In the course of this I came across the word hagridden, which basically means stressed, but also has a literal meaning of being ridden by a hag, i.e. a witch. I thought this was such a great image, and it gave me the seed of an idea for a story about a young woman ridden or haunted by her female ancestors.

Then I read a book called The Way That Lives in the Heart, a study of Chinese folk religious practices in Penang by academic Jean DeBernardi, particularly spirit mediumship. I have family in Penang and grew up in the religious tradition described in the book, but reading it was the first time I had an intellectual framework for these beliefs I’d grown up around.

I knew at once that I wanted to write a book about spirit mediums, and that idea came together with the one about the hagridden woman to make Black Water Sister — a novel about a young woman who becomes a reluctant spirit medium for her ghost grandmother.

What does a typical writing day look like for you?

I have a day job but work part-time, so in ordinary times I have one day per work-week set aside for writing. How that day goes partly depends on what deadlines I have, but often I’ll do writing admin first — answer emails, do email interviews, sort out tax issues, make arrangements for book events and so on. Then I move on to writing. I might be planning my next scene, or outlining a project, or getting words down on a story, or revising.

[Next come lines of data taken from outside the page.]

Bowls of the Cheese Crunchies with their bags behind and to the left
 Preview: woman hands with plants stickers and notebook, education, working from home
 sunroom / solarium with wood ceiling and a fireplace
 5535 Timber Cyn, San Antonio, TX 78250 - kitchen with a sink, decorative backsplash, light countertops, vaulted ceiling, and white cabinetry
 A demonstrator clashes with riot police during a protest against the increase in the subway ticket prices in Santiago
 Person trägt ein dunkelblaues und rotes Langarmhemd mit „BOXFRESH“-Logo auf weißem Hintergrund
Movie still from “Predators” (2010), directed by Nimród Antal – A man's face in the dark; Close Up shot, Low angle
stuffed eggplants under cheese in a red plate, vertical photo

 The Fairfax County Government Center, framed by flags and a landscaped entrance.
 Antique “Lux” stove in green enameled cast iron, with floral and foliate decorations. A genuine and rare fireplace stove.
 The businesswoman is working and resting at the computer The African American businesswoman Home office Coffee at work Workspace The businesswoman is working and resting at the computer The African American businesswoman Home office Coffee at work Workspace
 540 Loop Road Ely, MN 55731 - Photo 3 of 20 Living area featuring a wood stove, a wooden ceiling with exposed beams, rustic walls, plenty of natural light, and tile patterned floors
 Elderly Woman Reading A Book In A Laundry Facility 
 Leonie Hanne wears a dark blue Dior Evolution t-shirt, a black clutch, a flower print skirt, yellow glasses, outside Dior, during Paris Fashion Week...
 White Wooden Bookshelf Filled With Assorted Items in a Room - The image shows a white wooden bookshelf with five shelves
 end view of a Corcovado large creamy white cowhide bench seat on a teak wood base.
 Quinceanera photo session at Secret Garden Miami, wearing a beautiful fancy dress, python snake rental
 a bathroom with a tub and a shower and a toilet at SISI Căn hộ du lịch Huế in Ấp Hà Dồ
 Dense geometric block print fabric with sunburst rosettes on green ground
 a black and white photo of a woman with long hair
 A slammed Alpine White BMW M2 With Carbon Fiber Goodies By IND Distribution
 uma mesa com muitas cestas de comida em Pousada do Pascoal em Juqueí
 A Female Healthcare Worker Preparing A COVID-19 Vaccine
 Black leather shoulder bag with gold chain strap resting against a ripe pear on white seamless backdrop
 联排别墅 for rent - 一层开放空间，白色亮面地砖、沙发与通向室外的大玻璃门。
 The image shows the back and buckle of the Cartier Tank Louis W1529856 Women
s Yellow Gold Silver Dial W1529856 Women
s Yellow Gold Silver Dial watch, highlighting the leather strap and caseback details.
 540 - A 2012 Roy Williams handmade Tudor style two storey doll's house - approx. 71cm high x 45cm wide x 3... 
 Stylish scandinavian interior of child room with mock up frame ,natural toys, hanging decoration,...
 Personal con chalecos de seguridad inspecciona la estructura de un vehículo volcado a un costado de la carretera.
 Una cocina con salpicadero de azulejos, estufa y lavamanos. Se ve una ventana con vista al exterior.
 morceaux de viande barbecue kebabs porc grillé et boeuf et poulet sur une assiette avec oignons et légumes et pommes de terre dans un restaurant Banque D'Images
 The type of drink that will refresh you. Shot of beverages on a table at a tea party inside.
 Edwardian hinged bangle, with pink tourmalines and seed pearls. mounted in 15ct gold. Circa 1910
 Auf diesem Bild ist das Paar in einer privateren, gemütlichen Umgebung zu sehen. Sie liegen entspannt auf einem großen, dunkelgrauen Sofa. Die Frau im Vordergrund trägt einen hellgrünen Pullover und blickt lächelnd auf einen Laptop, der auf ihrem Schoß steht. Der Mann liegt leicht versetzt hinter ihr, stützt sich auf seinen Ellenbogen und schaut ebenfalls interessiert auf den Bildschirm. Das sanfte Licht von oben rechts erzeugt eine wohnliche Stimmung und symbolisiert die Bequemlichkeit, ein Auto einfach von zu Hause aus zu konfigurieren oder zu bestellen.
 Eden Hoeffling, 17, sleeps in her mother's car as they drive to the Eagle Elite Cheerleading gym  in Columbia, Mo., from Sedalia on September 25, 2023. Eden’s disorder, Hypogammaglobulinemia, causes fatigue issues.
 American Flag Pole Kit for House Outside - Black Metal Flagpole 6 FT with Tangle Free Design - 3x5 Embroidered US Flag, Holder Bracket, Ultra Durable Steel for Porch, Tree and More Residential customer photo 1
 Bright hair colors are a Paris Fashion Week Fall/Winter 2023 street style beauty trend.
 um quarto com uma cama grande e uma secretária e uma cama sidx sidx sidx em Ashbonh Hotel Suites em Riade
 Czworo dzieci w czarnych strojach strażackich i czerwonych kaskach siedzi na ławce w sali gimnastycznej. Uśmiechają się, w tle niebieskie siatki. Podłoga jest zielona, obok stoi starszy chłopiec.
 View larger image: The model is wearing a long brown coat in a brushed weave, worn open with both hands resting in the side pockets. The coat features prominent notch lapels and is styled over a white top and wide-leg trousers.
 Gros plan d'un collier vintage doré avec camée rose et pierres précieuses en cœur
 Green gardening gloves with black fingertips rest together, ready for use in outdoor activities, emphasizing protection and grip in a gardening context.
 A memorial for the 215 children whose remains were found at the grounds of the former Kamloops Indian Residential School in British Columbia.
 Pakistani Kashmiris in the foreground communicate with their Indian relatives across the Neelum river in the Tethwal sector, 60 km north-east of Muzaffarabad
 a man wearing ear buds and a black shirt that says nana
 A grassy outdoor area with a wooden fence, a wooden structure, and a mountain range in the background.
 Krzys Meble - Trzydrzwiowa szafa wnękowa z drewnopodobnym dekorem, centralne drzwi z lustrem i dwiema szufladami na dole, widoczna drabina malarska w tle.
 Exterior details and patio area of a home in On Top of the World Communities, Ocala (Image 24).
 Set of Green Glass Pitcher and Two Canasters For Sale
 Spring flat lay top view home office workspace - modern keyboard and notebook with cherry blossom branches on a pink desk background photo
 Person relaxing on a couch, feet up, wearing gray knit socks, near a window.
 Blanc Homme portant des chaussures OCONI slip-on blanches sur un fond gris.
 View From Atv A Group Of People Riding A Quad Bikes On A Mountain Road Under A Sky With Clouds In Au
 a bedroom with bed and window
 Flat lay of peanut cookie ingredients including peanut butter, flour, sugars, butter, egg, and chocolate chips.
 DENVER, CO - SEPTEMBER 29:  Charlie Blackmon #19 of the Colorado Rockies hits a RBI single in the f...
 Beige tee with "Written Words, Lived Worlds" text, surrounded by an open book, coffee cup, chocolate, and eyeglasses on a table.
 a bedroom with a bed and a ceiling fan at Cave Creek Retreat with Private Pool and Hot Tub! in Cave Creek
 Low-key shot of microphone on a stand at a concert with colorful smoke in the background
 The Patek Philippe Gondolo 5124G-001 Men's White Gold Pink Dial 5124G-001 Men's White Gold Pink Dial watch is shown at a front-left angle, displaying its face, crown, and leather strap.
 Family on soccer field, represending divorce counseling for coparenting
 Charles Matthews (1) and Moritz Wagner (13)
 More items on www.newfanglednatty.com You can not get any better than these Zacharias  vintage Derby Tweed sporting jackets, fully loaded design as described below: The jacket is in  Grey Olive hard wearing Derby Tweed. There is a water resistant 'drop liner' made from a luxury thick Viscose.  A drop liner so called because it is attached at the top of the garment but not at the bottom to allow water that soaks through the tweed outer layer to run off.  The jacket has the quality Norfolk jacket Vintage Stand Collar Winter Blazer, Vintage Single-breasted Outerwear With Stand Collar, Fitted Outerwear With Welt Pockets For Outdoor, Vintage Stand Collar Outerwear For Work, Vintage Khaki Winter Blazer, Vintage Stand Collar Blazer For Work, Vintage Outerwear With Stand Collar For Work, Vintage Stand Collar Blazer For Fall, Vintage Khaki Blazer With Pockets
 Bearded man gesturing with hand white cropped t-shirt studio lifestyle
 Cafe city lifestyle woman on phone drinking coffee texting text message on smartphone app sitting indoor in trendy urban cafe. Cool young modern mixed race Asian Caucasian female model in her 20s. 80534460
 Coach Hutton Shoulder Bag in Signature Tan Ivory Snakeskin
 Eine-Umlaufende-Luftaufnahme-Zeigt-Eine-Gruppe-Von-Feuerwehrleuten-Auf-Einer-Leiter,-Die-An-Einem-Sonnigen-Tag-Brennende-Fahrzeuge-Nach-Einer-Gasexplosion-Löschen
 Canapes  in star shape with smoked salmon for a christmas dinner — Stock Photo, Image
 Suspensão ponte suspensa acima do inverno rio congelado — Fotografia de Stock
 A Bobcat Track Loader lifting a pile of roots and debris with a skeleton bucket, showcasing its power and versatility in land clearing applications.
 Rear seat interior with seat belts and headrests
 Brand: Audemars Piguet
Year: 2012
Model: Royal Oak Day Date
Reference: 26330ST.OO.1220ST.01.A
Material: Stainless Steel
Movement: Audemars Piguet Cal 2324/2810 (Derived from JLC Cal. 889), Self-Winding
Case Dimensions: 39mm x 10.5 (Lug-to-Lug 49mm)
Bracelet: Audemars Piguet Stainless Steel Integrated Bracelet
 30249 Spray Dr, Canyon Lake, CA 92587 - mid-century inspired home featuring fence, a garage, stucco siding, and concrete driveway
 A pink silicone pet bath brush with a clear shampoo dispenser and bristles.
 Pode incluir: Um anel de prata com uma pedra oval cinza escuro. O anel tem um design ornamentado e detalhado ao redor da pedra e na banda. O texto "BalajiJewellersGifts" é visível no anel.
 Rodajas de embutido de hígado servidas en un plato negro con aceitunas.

These aren’t ordinary times for me at the moment, as I’m on maternity leave, so a recent example day would mostly involve me looking after my baby. Then in the evenings, after the kids have gone to bed, I do an hour or so of writing or revisions.

Do you have a target word count you like to hit each day? 

When I’m actively working on a project, yes. It’s usually around 1,000 words if I know I have the whole day to devote to writing, but might be as little as 200-300 words, or even 1 sentence, if the only writing time I’ve got that day is going to be squeezed in at the end of a day of work and parenting.

Whenever you hit a roadblock during a writing session, what are some of the methods you use to get back into the flow of things? 

If I’m blocked it’s either because of external stressors, or something has gone wrong in the story itself. If it’s the former I take a break and try to refill the well by reading books, watching shows and generally taking things easy before going back to the story I’m writing. If it’s the latter, I read back over what I’ve done so far. Usually you find that you went wrong earlier on and if you fix that bit, the flow returns.

What does your writing workspace look like?

I write sometimes on the sofa with my computer in my lap, and sometimes at a desk in my study whose tidiness levels vary according to how much spare time I’ve had to put things away and whether my partner has recently used the desk.

The desk is a sit/stand desk from IKEA but I don’t use the stand function as often as I probably should. I also have a Herman Miller Aeron chair, purchased secondhand at great expense — which proved a worthwhile investment when the pandemic hit and we were all working from home for protracted periods.